While we usually think of stencils as tools to use with paint, they are very useful any time you want to create a specific shape, regardless of your materials. In today’s lesson, we look at how to use stencils with needle felting. Whether you work by hand or machine, stencils make it easy to create beautiful shapes with your fibers.
~ Ginkgo Leaves Stencils [Cedar Canyon Textiles]
~ Wool roving
~ Hand-held needle felting tool [Colonial Needle Company or Clover] ~ Thick foam pad
~ Needle felting machine or sewing machine attachment (optional)
~ Masking tape
~ Firm piece of black felt- 9” by 12”- or other background fabric
Step 1 – Attach stencil to background fabric
Tape the stencil onto the black felt and place on the foam pad.
Step 2 – Create an outline by hand
Using a single felting needle, punch wisps of wool into the background around the edges of the openings in the stencil. (I remove one of the needles from my punching tool to do this.)
Note to felting machine owners: Do the outlining step by hand — the stencils are tougher than they look — and you’ll break needles if you get too close to the stencil.

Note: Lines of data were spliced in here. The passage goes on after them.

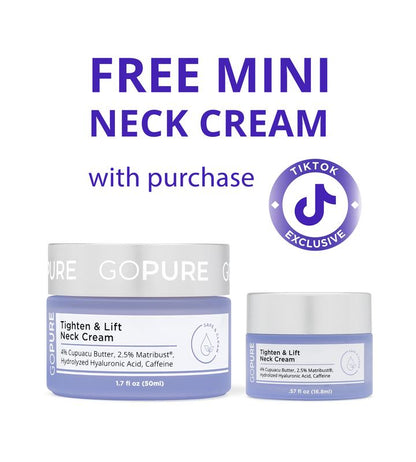 GOPURE Tighten & Lift Neck Cream + Free Mini Neck Cream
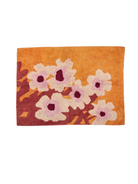 bonnie and neil tufted cotton bathmats, primrose rust.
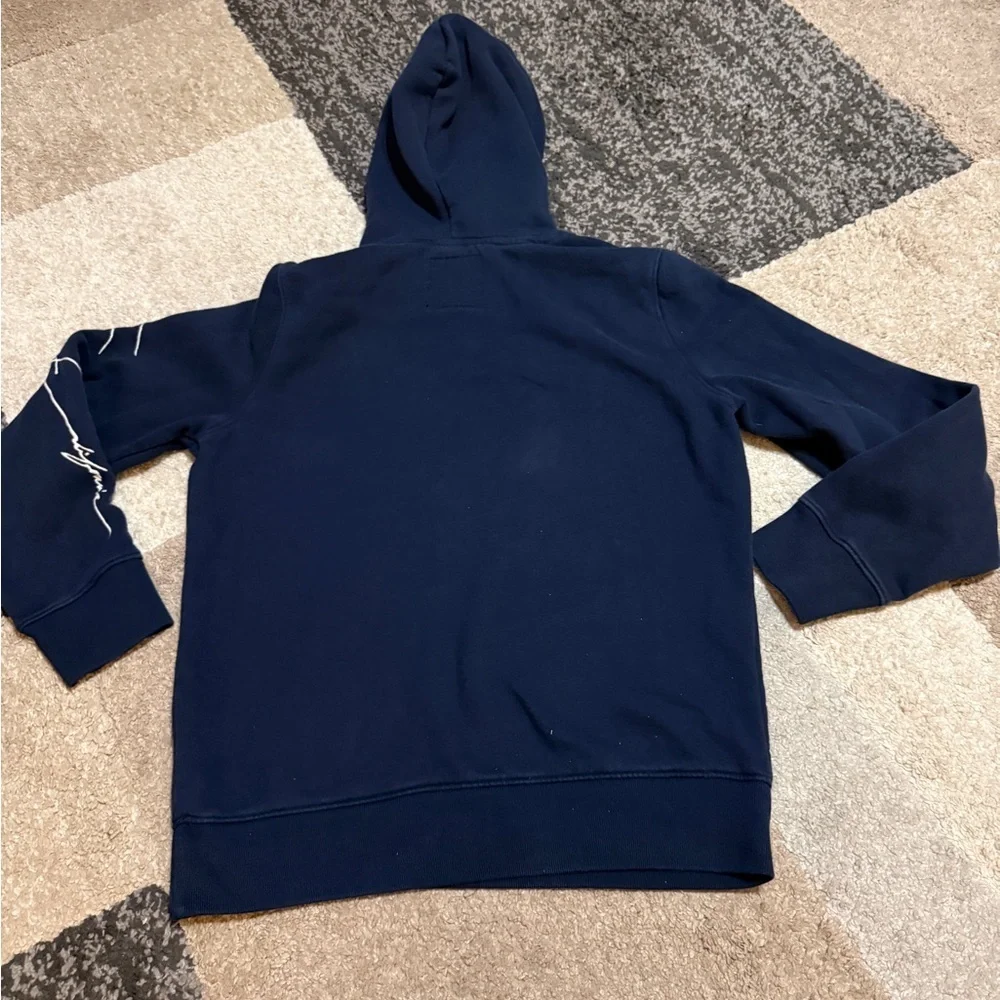 Hollister Dark Blue Hoodie with Logo- Small - Picture 6 of 6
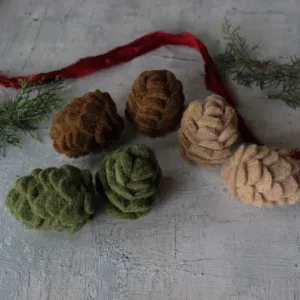 Felt Pine Cones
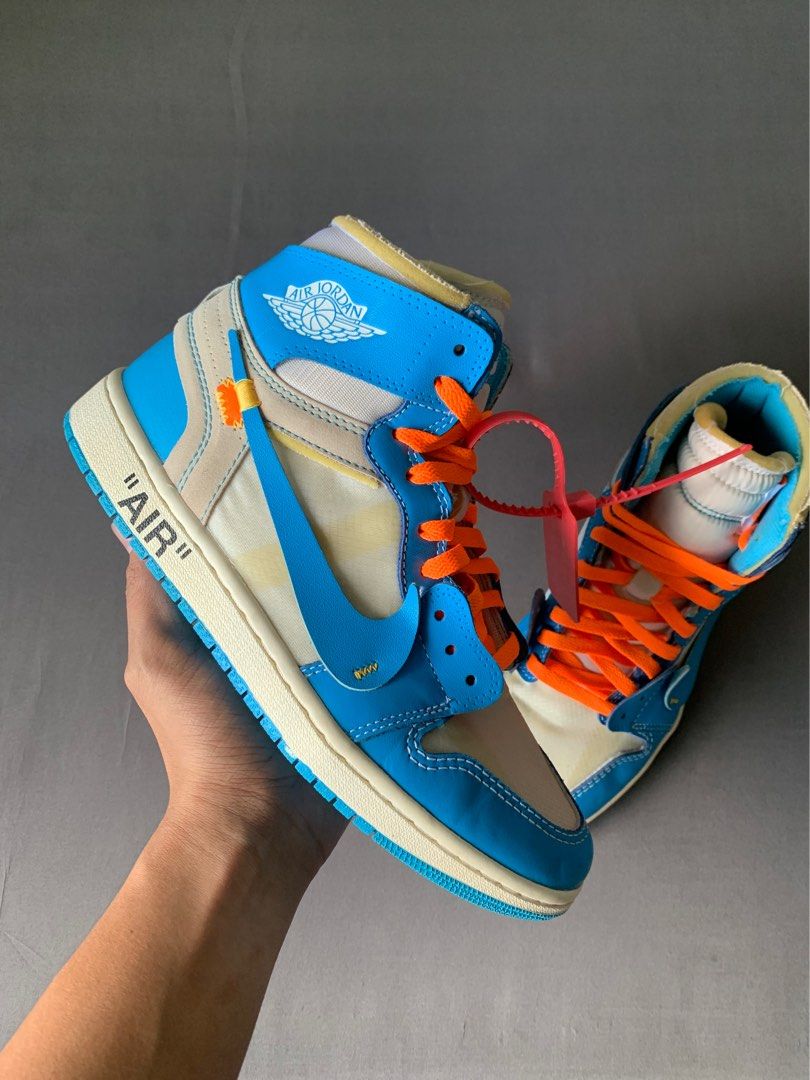 Jordan 1 Retro High Off-White University Blue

Step 3 – Fill in the open areas with roving
Once the outlines are complete, remove the stencil and fill in the leaf with more roving, either by using the hand-held needle felting tool with several needles in it or by using the needle felting machine or attachment.

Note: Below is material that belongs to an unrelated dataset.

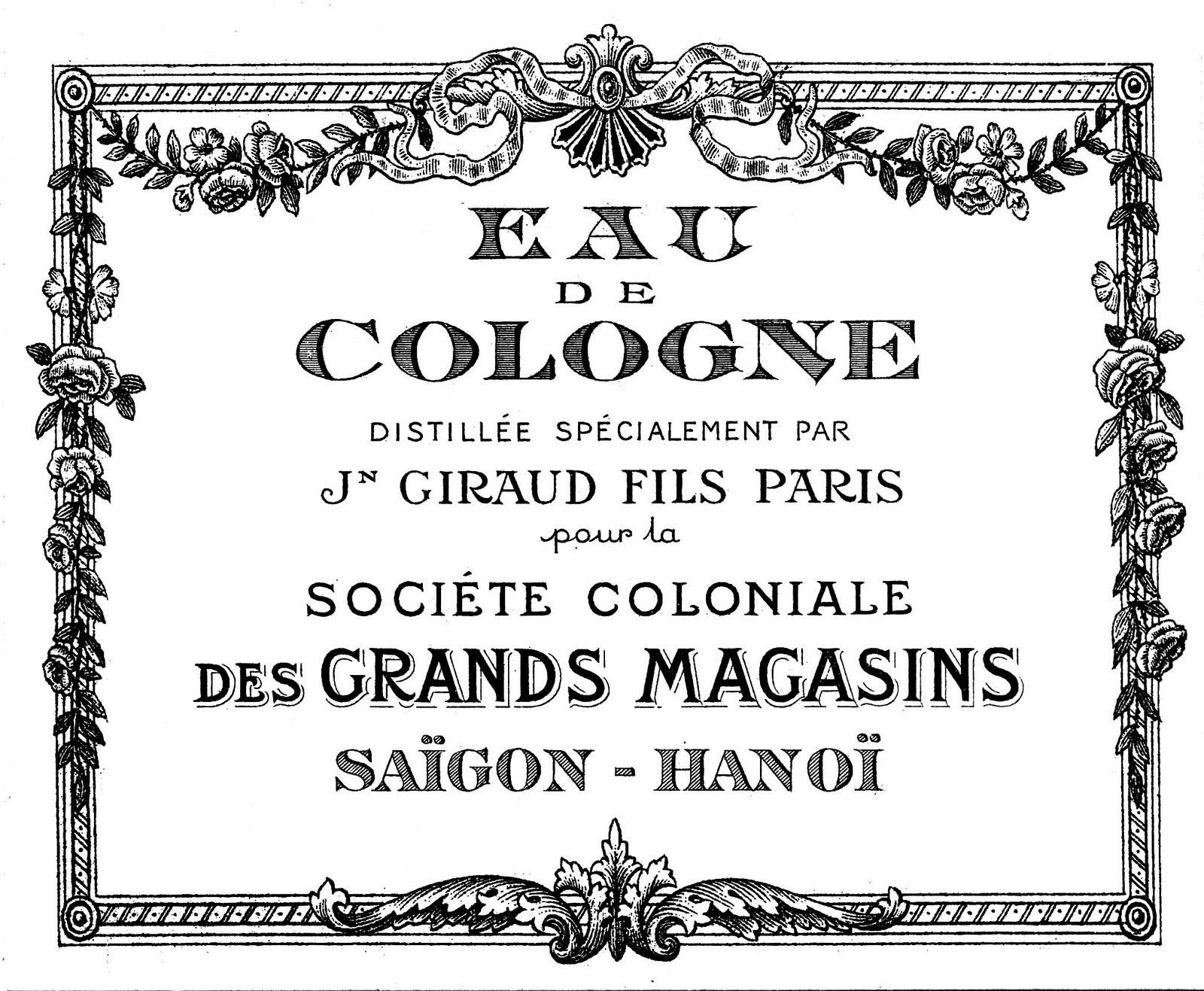 Vintage Graphics - Gorgeous Paris Cologne Label - The ...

Colonial Needle Company makes a felting tool that holds up to 6 needles, and Clover has a spring-loaded tool with multiple needles.
For those who wish to work with machine felting, Bernina makes a needle felting attachment that fits a number of their machines. There are also a number of dedicated felting machines on the market, such as the Baby Lock Embellisher and the the HuskyStar from Viking Husqvarna.
Step 4 – Punch from the back
After the leaf is filled in, turn the felt over and punch from the back to bring some of the black background through to the front. This also helps to lock the fibers into the background.